INTERNATIONAL - As Wall Street keeps a wary eye on Amazon.com Inc.’s possible foray into finance, Discover Financial Services’ new chief executive officer isn’t too worried about technology-based invaders.
Roger Hochschild, 54, took over the top job on Monday after more than a decade as president and chief operating officer of the country’s sixth-largest credit-card issuer. He said companies like Amazon, the retailing giant seen as poised to use its online platform as a springboard into financial services, and Alphabet Inc.’s Google aren’t likely threats.
“I view them as partners with leading-edge capabilities that we need,” Hochschild said in a telephone interview. “Very few tech companies want to become a bank and are keenly aware of some of the challenges and regulation that come with it. So I think the risk of some of these tech players getting into banking is a bit overstated.”
Hochschild succeeds David Nelms, who’s stepping down as CEO after almost 15 years. The change comes amid increased interest in the credit-card market from competitors including Wells Fargo & Co. and Goldman Sachs Group Inc. And U.S. tech companies are looking to disrupt the financial world by facilitating payments or offering loans to small businesses.
Riverwoods, Illinois-based Discover counts Amazon and Google as partners, Hochschild said, adding that many financial firms rely on those companies as technology providers.

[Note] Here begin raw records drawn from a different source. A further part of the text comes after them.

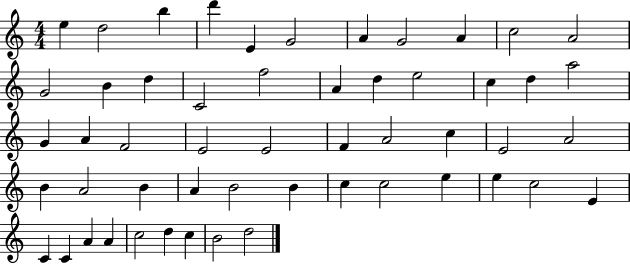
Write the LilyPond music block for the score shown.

{
  \clef treble
  \numericTimeSignature
  \time 4/4
  \key c \major
  e''4 d''2 b''4 | d'''4 e'4 g'2 | a'4 g'2 a'4 | c''2 a'2 | \break g'2 b'4 d''4 | c'2 f''2 | a'4 d''4 e''2 | c''4 d''4 a''2 | \break g'4 a'4 f'2 | e'2 e'2 | f'4 a'2 c''4 | e'2 a'2 | \break b'4 a'2 b'4 | a'4 b'2 b'4 | c''4 c''2 e''4 | e''4 c''2 e'4 | \break c'4 c'4 a'4 a'4 | c''2 d''4 c''4 | b'2 d''2 | \bar "|."
}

Discover uses Amazon’s cloud computing services and relies on Google’s speech analytics technology to improve its call centers, he said.
Part of his focus will be on continuing to win deals with companies pushing emerging forms of payments, after Discover landed partnerships with firms like Apple Inc. and PayPal Holdings Inc.

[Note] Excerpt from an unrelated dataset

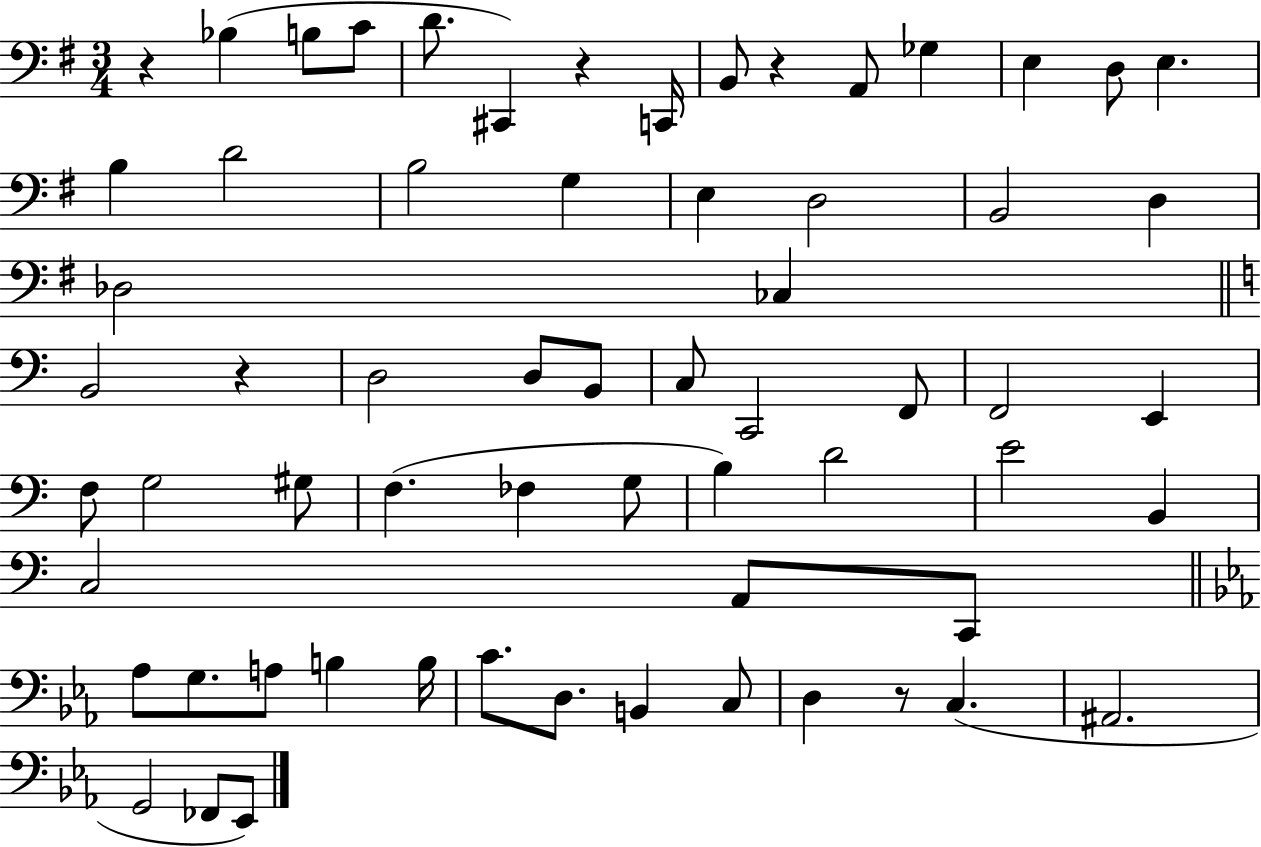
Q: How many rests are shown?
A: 5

“Financial institutions that fall behind in terms of driving business value from the new technologies will wake up three years from now fundamentally noncompetitive,” Hochschild said in the interview.

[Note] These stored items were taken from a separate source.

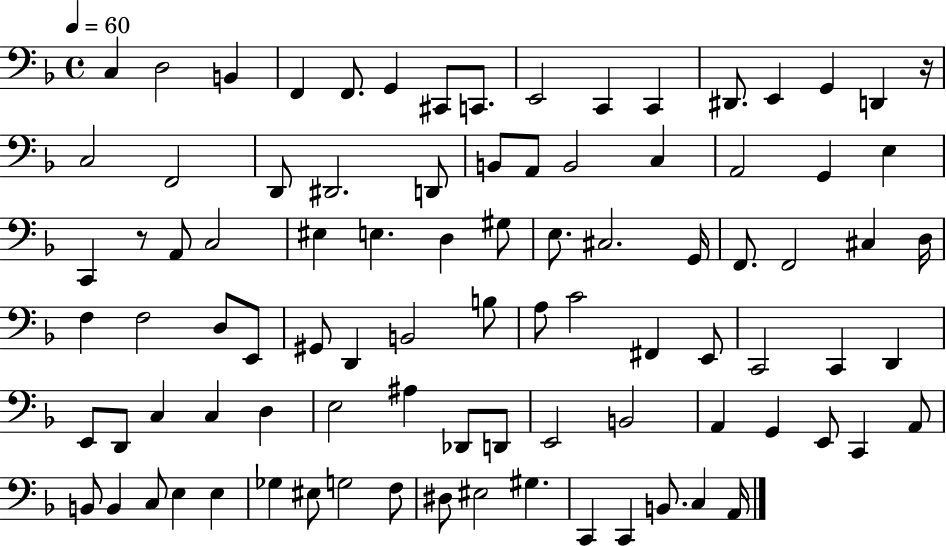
{
  \clef bass
  \time 4/4
  \defaultTimeSignature
  \key f \major
  \tempo 4 = 60
  c4 d2 b,4 | f,4 f,8. g,4 cis,8 c,8. | e,2 c,4 c,4 | dis,8. e,4 g,4 d,4 r16 | \break c2 f,2 | d,8 dis,2. d,8 | b,8 a,8 b,2 c4 | a,2 g,4 e4 | \break c,4 r8 a,8 c2 | eis4 e4. d4 gis8 | e8. cis2. g,16 | f,8. f,2 cis4 d16 | \break f4 f2 d8 e,8 | gis,8 d,4 b,2 b8 | a8 c'2 fis,4 e,8 | c,2 c,4 d,4 | \break e,8 d,8 c4 c4 d4 | e2 ais4 des,8 d,8 | e,2 b,2 | a,4 g,4 e,8 c,4 a,8 | \break b,8 b,4 c8 e4 e4 | ges4 eis8 g2 f8 | dis8 eis2 gis4. | c,4 c,4 b,8. c4 a,16 | \break \bar "|."
}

Joining Discover in 1998 as chief marketing officer, Hochschild was named president and COO in 2004. He has three children with his wife, Stephanie, who took over as owner of an independent bookstore in a Chicago suburb in 2013.
Hochschild helped Nelms lead the company through its 2007 spinoff from Morgan Stanley. Since its debut, Discover’s stock has returned 214 percent, compared with the 15 percent gain of the 67-company S&P 500 Financials Index.
Discover has boosted credit-card lending to new and existing customers in recent quarters. At the same time, it’s been among lenders setting aside more money to cover souring loans as outstanding credit-card debt reached a record in the U.S.
Hochschild said Discover is already focused on building the credit and collections capabilities it will need in the event of a downturn.
“It’s very hard to cut back too hard in anticipation of a cycle turning,” he said, noting that if the bank did that several years ago it would have “missed out on a lot of great opportunities.” Still, “at some point, we’ll be in a worse credit environment.”